Pearl S. Buck was born in Hillsboro, West Virginia on June 26, 1892. Her parents, Caroline and Absalom, were missionaries and took their small daughter to China when she was only three months old. She was brought up there and first knew the Chinese language and customs, and then was taught English by her mother and her teacher. She was encouraged to write at an early age.
By 1910, she left for America and went to Randolph-Macon Women’s College, where she would earn her degree in 1914. She then returned to China, and married John Lossing Buck in 1917. In 1921, she and John had a daughter, Carol, and the small family moved to Nanking where Pearl taught English Literature at the university. In 1926, she left China and returned to the United States for a short time in order to earn her Master of Arts degree from Cornell University.
Buck began her writing career in 1930 with her first publication of East Wind:West Wind. In 1931 she wrote her best known novel, The Good Earth, which is considered to be one of the best of her many works. The story of the farmer Wang Lung’s life brought her the Pulitzer Prize for Fiction in 1932. Her career would keep flourishing, and she won the William Dean Howells Medal in 1935.

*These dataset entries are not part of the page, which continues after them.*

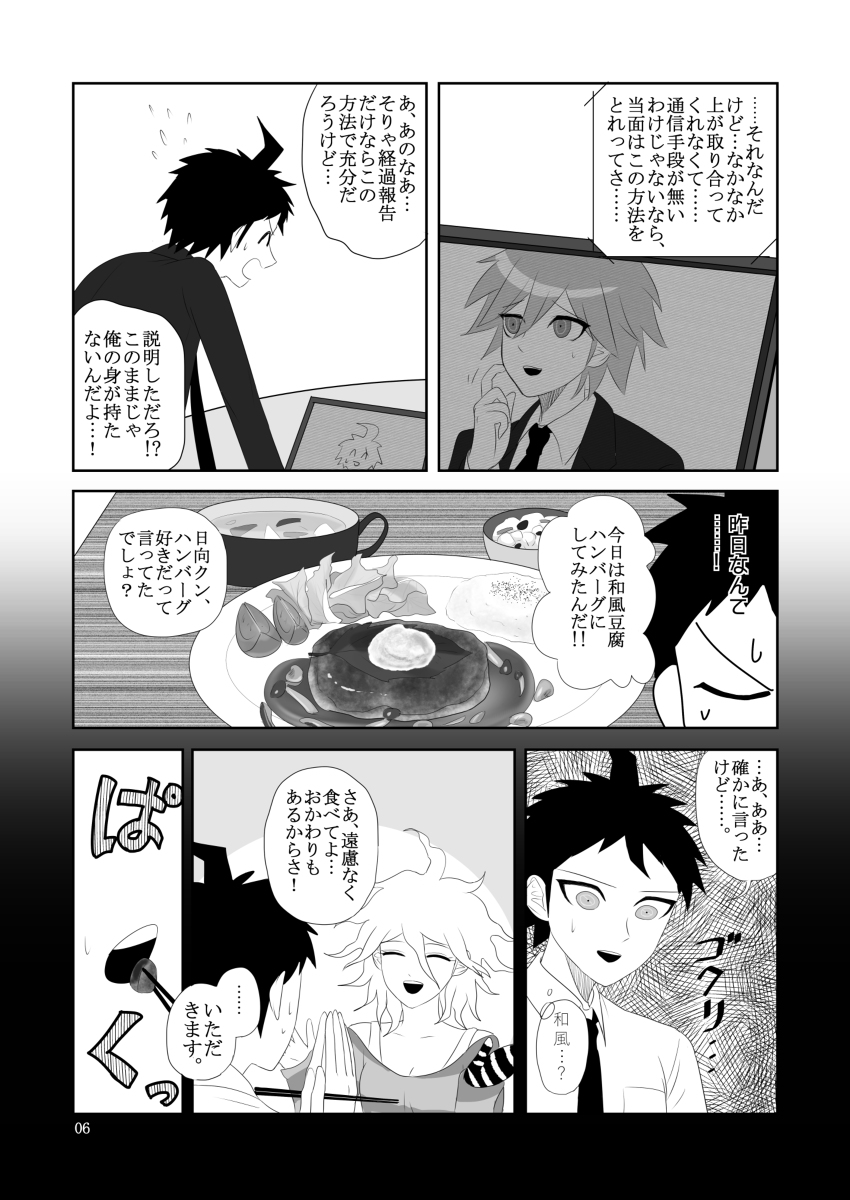 【※女体化・ネタバレ】学トラ6のほんDanganronpa 2 sample page 3 full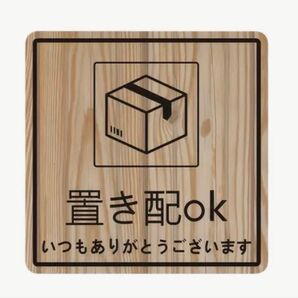 アクリル宅配ボックスステッカー マグネット付き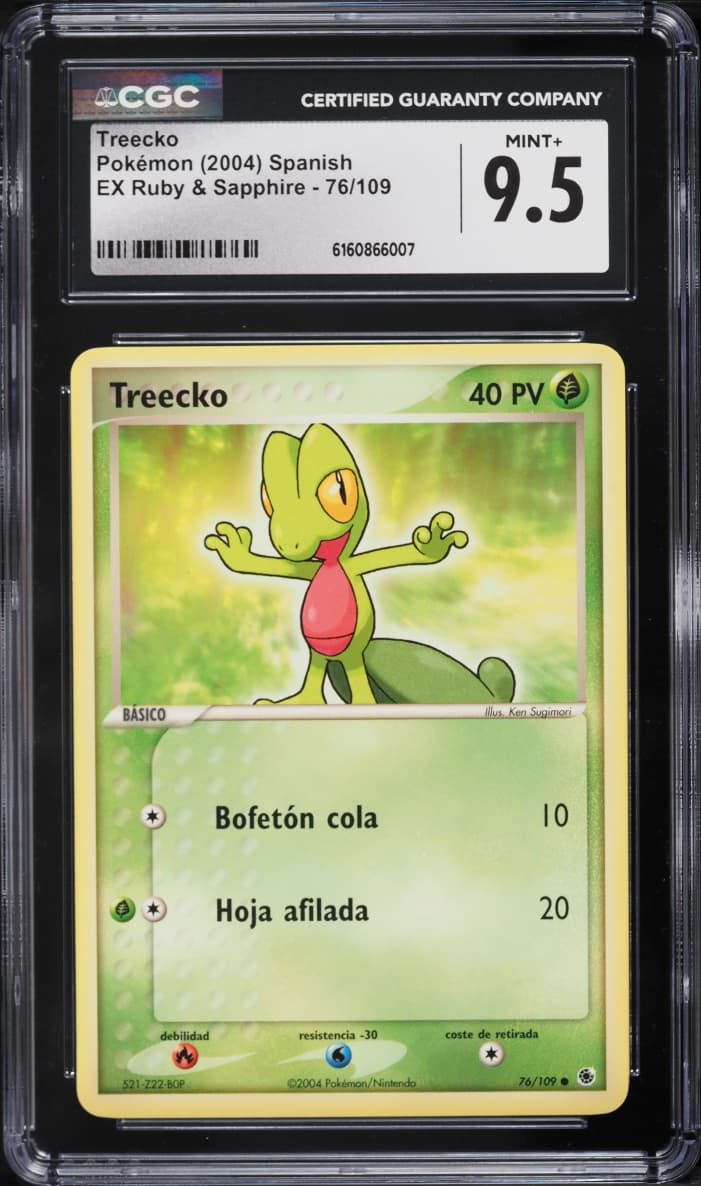 Pokemon EX Ruby & Sapphire Treecko #76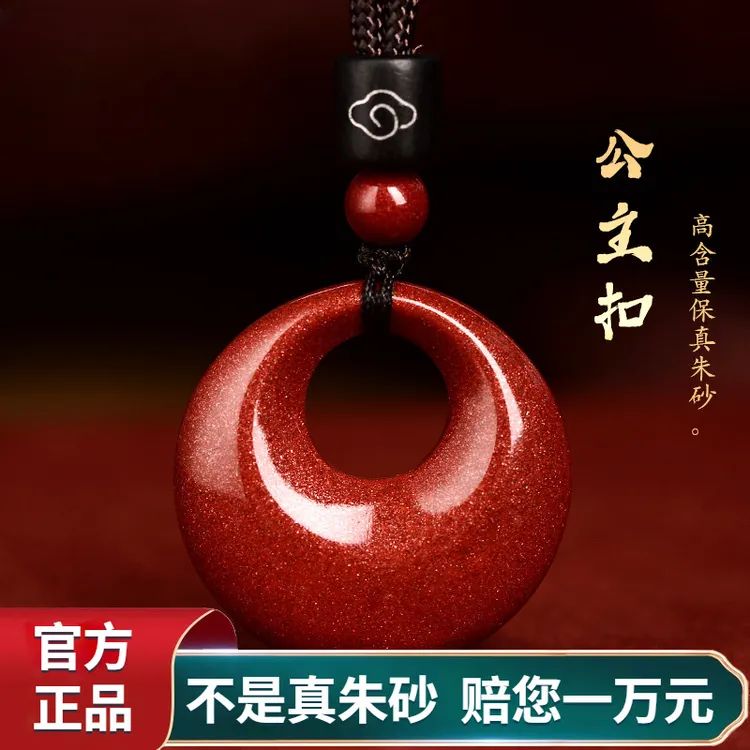 含辰砂工艺品朱砂紫金砂公主扣平安扣吊坠女款项链本命年时尚挂坠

Pearl was forced to flee China in 1934 due to political tensions. She returned to the United States, and obtained a divorce from her husband. She would then marry Richard J. Walsh, president of the John Day Publishing Company, and adopt six other children. In 1938 she would become the first woman ever to win the Nobel Prize for Literature, after writing biographies of her parents, The Exile, and The Fighting Angel.

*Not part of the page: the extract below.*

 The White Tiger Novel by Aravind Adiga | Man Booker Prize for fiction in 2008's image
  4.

In her lifetime, Pearl S. Buck would write over 100 works of literature, her most known being The Good Earth. She wrote novels, short stories, fiction, and stories for children. Many of her life experiences are related to or in her books. She wanted to prove to her readers that universality of mankind can exist if they accept it. She dealt with many topics including women, emotions (in general), Asians, immigration, adoption, and conflicts that many people go through in life.